Here is what CEO Jim McNerney said in his prepared remarks.
Also in recent months, a broader customer view has emerged in support of the greater certainty of gaining significant incremental improvement in a re-engined 737 in the near to midterm over the more perfect solution which may be available further down the road. It has always been our view that if it looked like we are putting meaningful market share at risk by waiting to do a new airplane, we would re-engine instead. That combined with our new engine technical production assessment against lead time for new engine decision led us to the judgment that we have made.
We are confident that our re-engined 737 will maintain the value proposition we have in the marketplace today and we expect to see strong demand for this product. It will be the most fuel-efficient airplane in its segment and have the lowest operating cost, while also meeting customer needs for range, payload, standardization, reliability and fleet compatibility.
Over the next several weeks, we will continue our work to finalize the configuration and other details in anticipation of a launch this fall pending board approval.
Comment: As we have talked with our various market sources, one believed Boeing would suffer a market-share drop of at least 20% if it elected to proceed with a new airplane instead of a re-engine. This drop would come because customers would pull back on orders for the 737NG while waiting for the new airplane. Whether this is a valid number might be debatable, but the theory is consistent with McNerney’s comments. Earlier this year, Boeing Capital Corp. held an investor’s meeting in New York and remarks indicated that Boeing was prepared to take a 10% 737 market share drop in favor of a new airplane, figuring it would regain it with an aircraft superior to the A320neo family.
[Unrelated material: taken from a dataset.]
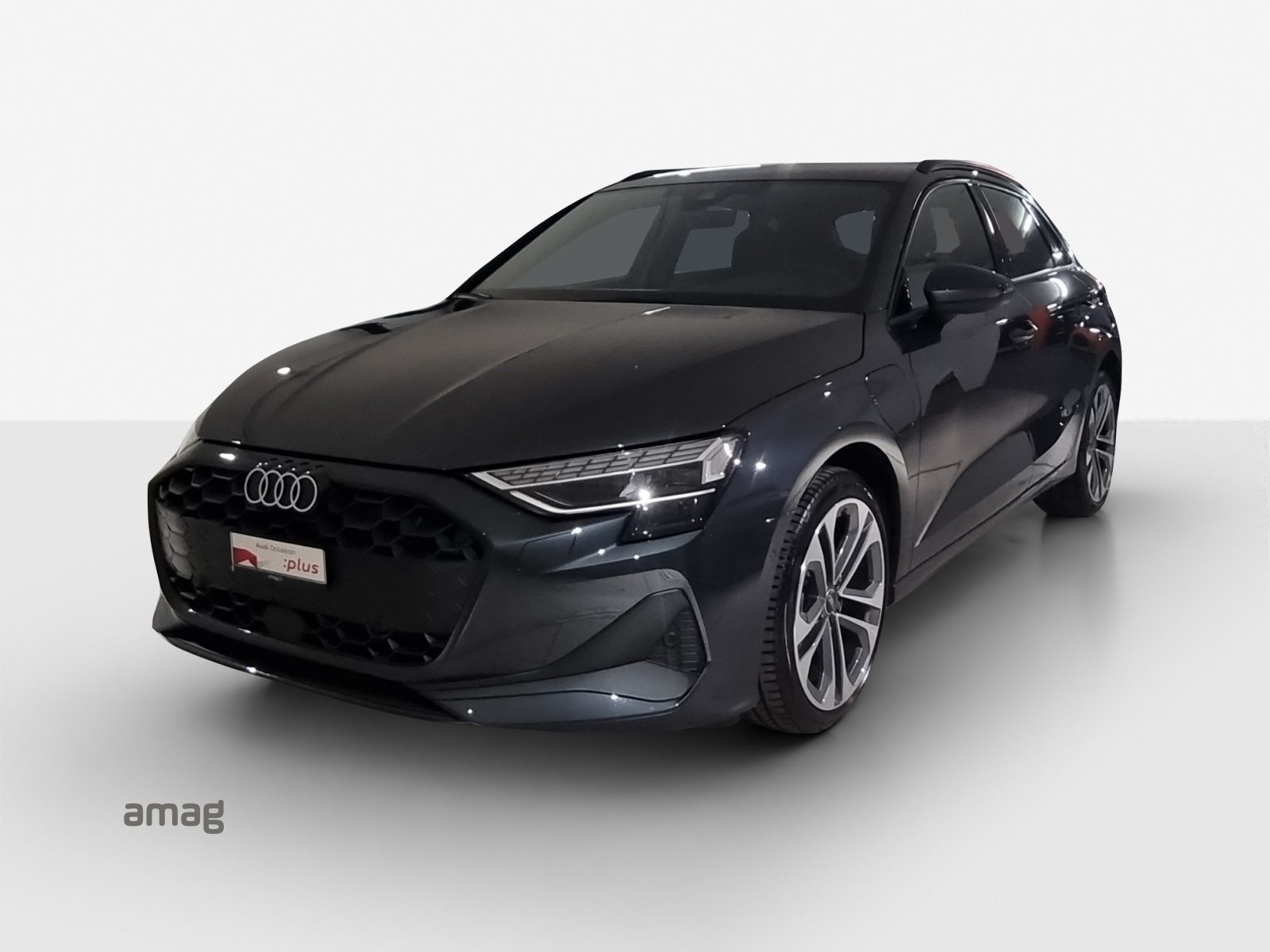 AUDI A3 Sportback 40 TFSI e Attraction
Then there is the question of whether Boeing could actually afford a new airplane program, a topic McNerney did not address, in light of the losses on the 787 and 747-8 programs and the billions in cost overruns and delayed cash flow. Finally, there was strong undercurrent that the Board of Directors was not prepared to approve another new airplane program with the 787 and 747 programs in the condition they are in.
Robert Spingarn – Crédit Suisse AG
I’d like to ask a comprehensive question on the 737 re-engine, and so it is a multiple part but I think it’s important. Knowing that you haven’t launched the aircraft yet, I suspect there’s still some detail framework around it in order to — since it was the key, I think, to the American win. So could you add some more color on the following items. First, the configuration, is this an engines-only exercise to mitigate cost? And how should we think about the R&D profile and CFM’s share of that profile? And then what are your market expectations for this model, in particular for the near-term domestic competitions? And then finally, if you could clarify American’s comment that it doesn’t expect to receive delivery of this model until 2018, suggesting that it is not the launch operator while it may be the launch customer.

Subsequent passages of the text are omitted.